Jenn Gambatese, who plays the vital role of Jane, is well known as the girl who captured our hearts for her turn in the short lived, All Shook Up. The moment Jane steps on the overly green set, the value of the production is raised, and the divas voice is praised. With a sweet yet powerful set of chords, Gambatese easily becomes the main focus of the musical. With minimal flying and swinging, and a touching descent from high above the stage on a swing, she adds a flavor to the show that says that this indeed is genuine. She is a real person with emotions and senses, and with such a gaping heart she can and does accept and fall in love with a man who believes he’s an ape. The concept is ridiculous but the execution is well mannered and intended.

There were nine new songs written for the musical, three of those songs are highly enjoyable, and to little surprise, Gambatese sings all three. She’s without a doubt worth the ticket price alone.

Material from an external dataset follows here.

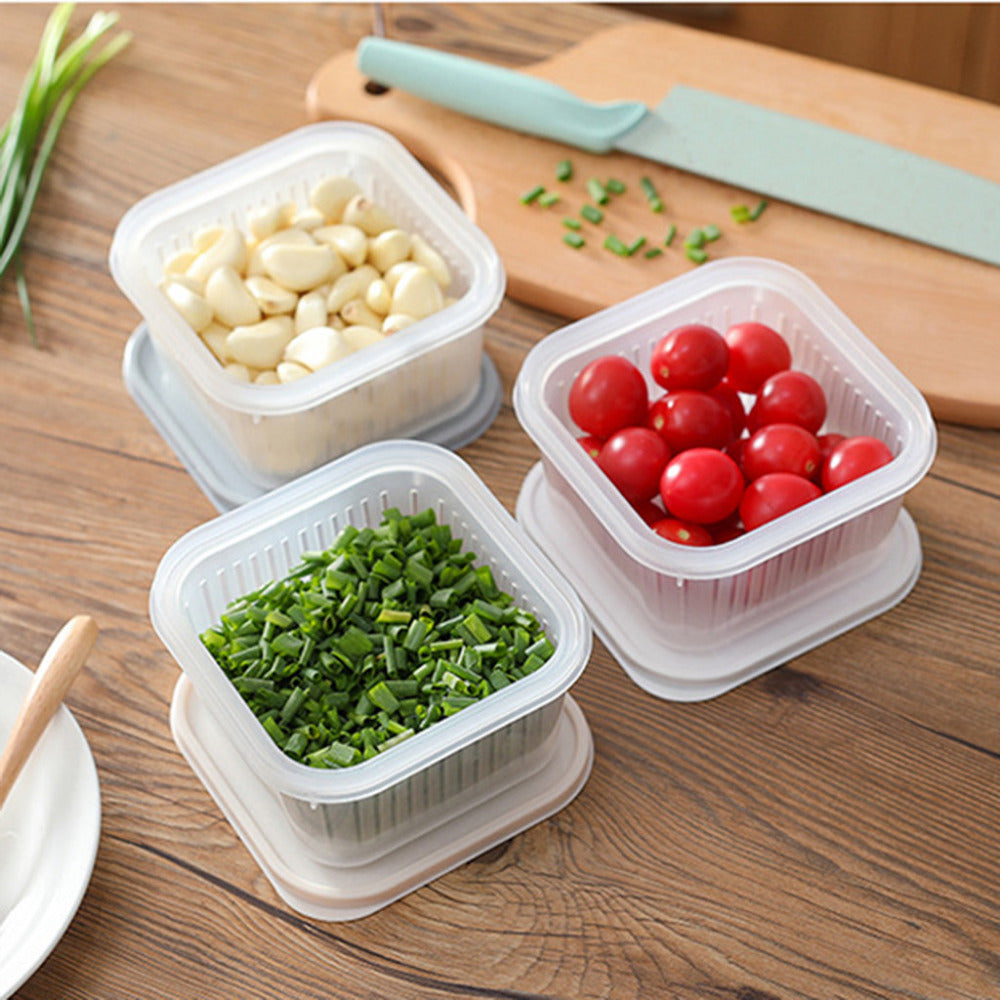 Square Fresh-Keeping Container with Built-In Drainer Basket – PP Fridge Storage Box for Herbs, Garlic & Vegetables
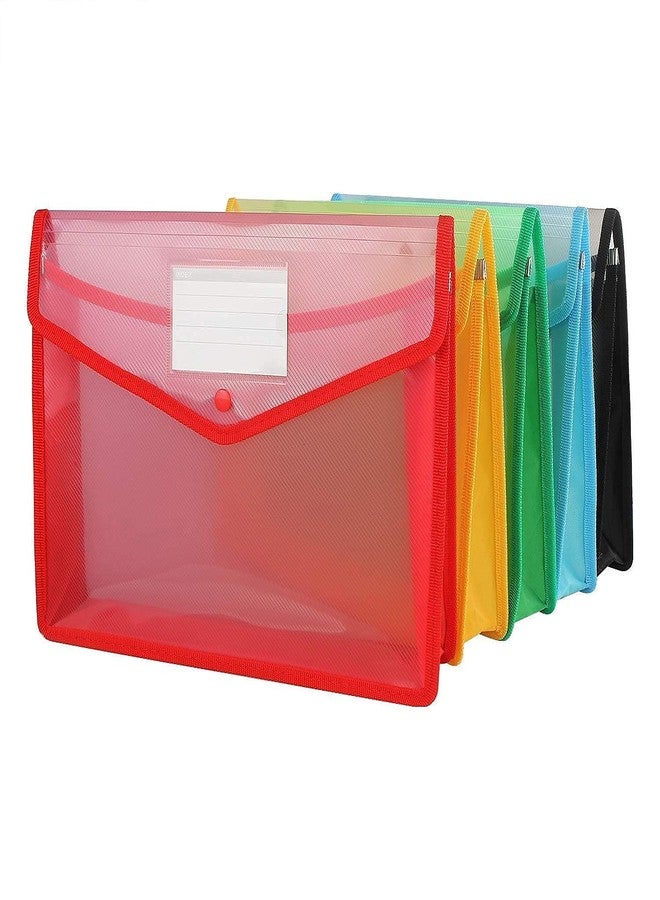 Rangwell Transparent Poly-Plastic A4 Storage Envelope Folder Bag with Snap Button for Documents, File, Certificate -Set of 5 - Image 1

And as for Phil Collins? Composing a score for the musical theatre is never an easy undertaking, and with such an elaborate expertise in writing a memorable song, Collins does provide a handful of new melodies that push the show along, and embarks the audience on a Journey of musical story telling. Yet unlike Disney’s Aida and Beast, there was quite a defining texture to the coverage of delivery and structure that wasn’t apparent in this production. The masterpiece quality which we have come to expect from camp Disney wasn’t delivered, yet that doesn’t mean that an enjoyable, memorable, family friendly show isn’t currently gracing the great white way.

Whether the sets and score left some to be desired, this show has the one thing that every other show this season has failed to come up with. It has the approach of telling a story that provokes our emotions enough to remind us that it’s ok to feel, that its ok to lose track and lose sight of who we are, because somehow and somewhere, we can still find home. It’s acceptable to make mistakes, to be confused, to love someone others don’t approve of, and more than anything its ok to accept the differences among all of us as human beings. This exact message is what is delivered through this production.

Like it or not, you won’t find another show with as much heart as Tarzan. It’s a life lesson to all of us, young and old that life is a learning experience, and we must find the good in everyone and in everything, for at the end of the day, it is our hearts, our souls, and our good hearted conscience that renders us as human beings who aren’t afraid to feel.